2. The system of claim 1, wherein, in connection with generating the automatically labeled perception data, the 3D detection backbone, in processing the first set of BEV feature images in an offline processing environment, performs feature-level temporal aggregation that includes both forward recurrence and backward recurrence to generate the second set of BEV feature images and each BEV feature image in the second set of BEV feature images incorporates information from all time steps in the time-sequential perceptual sensor data.
3. The system of claim 2, wherein the machine-readable instructions include further instructions that, when executed by the processor, cause the processor to improve robustness of the object tracker by applying global association to object comparisons output by the 3D detector head.
4. The system of claim 1, wherein, in connection with controlling the autonomous robot in an online processing environment of the autonomous robot, the 3D detection backbone, in processing the first set of BEV feature images, performs feature-level temporal aggregation that includes forward recurrence to generate the second set of BEV feature images.
5. The system of claim 1, wherein the similarity objective includes a cosine-similarity loss.
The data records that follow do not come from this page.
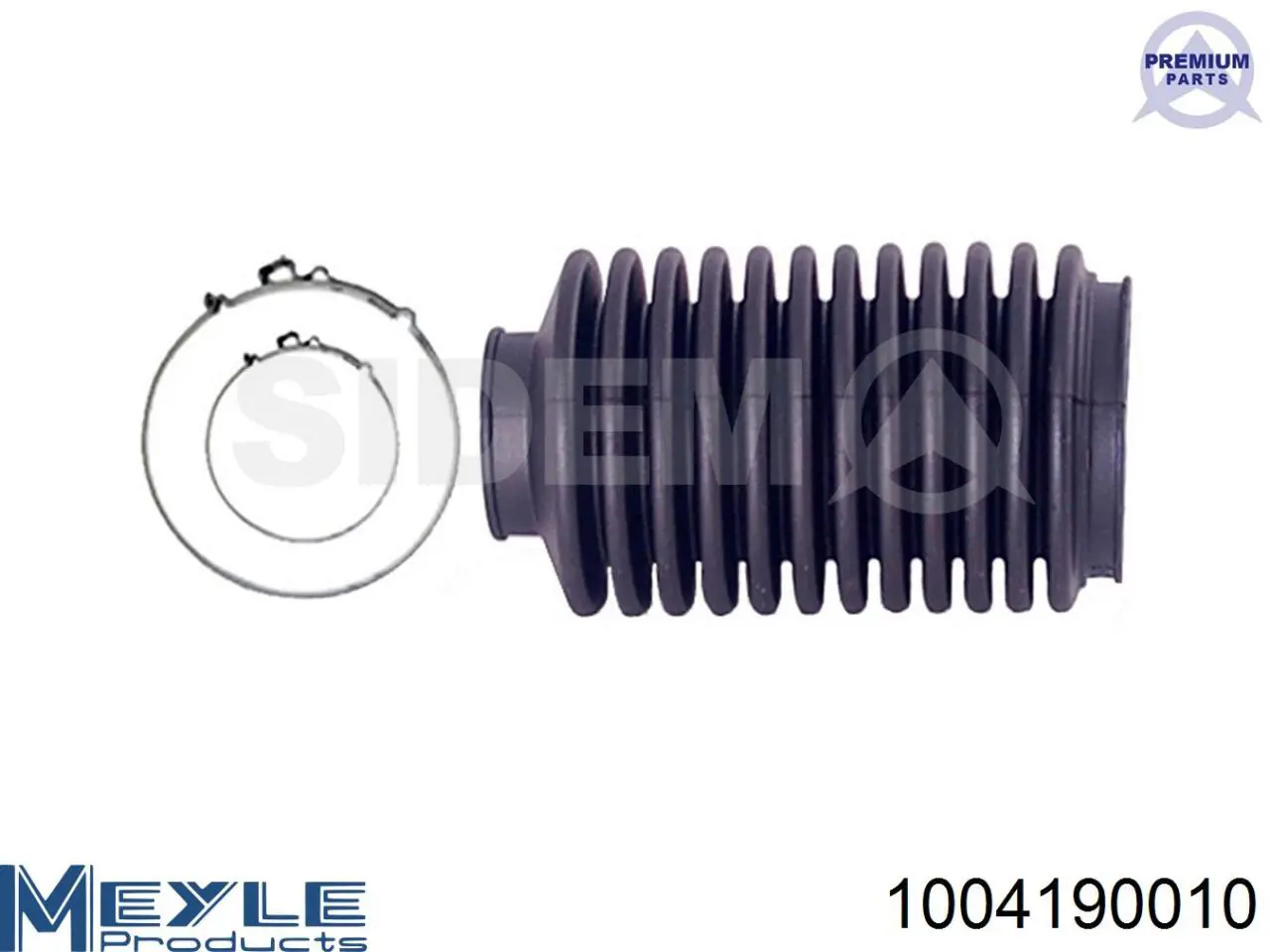 Compre 1004190010 Meyle Bota de proteção esquerda do mecanismo de direção (de cremalheira)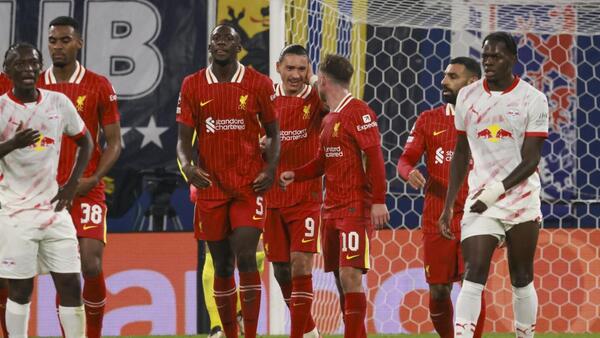 Darwin Núñez alarga la racha del Liverpool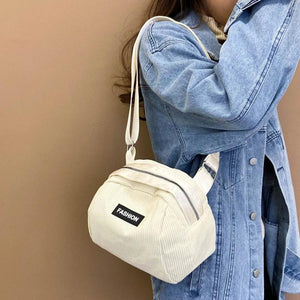 Nylon Women Messenger Bag Lightweight Casual Shoulder Handbag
6. The system of claim 1, wherein the time-sequential perceptual sensor data includes one or more of camera images, Light Detection and Ranging (LIDAR) data, radar data, sonar data, map data, and audio data.
7. The system of claim 1, wherein the autonomous robot is one of an autonomous vehicle, a search and rescue robot, a delivery robot, an aerial drone, and an indoor robot.
8. A non-transitory computer-readable medium for detecting and tracking objects and storing instructions that, when executed by a processor, cause the processor to: extract first features from time-sequential perceptual sensor data to generate a first set of bird's-eye-view (BEV) feature images; extract second features from the first set of BEV feature images using a three-dimensional (3D) detection backbone to generate a second set of BEV feature images, wherein each BEV feature image in the second set of BEV feature images corresponds to a distinct time step in the time-sequential perceptual sensor data; and consume the second set of BEV feature images using a neural-network 3D detection head that is trained with a similarity objective to support an object tracker for use in one of: controlling an autonomous robot; and generating automatically labeled perception data to train one or more of an online perception model, an online prediction model, and an online planning model used to control an autonomous robot.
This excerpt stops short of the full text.